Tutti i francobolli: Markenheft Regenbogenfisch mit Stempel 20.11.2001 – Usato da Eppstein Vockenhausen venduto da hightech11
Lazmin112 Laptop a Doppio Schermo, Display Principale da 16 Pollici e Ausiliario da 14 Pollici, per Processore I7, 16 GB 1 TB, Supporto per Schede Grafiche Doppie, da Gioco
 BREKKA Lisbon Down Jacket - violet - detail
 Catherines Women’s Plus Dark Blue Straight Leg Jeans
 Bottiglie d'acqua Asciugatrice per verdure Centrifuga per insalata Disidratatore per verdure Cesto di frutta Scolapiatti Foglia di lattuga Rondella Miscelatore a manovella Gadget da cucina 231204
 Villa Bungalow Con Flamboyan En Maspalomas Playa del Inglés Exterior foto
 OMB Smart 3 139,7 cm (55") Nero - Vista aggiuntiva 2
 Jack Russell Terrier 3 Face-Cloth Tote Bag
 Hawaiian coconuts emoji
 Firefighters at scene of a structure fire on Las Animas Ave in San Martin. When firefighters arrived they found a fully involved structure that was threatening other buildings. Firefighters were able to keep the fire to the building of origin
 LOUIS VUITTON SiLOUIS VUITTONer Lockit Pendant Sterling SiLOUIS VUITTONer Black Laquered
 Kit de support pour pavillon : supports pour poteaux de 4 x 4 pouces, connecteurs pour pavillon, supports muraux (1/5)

——————

Both end lines included, restate word for word the lines above from the line with "Bottiglie d'acqua Asciugatrice" to the line with "Hawaiian coconuts emoji", and nothing else.

 Bottiglie d'acqua Asciugatrice per verdure Centrifuga per insalata Disidratatore per verdure Cesto di frutta Scolapiatti Foglia di lattuga Rondella Miscelatore a manovella Gadget da cucina 231204
 Villa Bungalow Con Flamboyan En Maspalomas Playa del Inglés Exterior foto
 OMB Smart 3 139,7 cm (55") Nero - Vista aggiuntiva 2
 Jack Russell Terrier 3 Face-Cloth Tote Bag
 Hawaiian coconuts emoji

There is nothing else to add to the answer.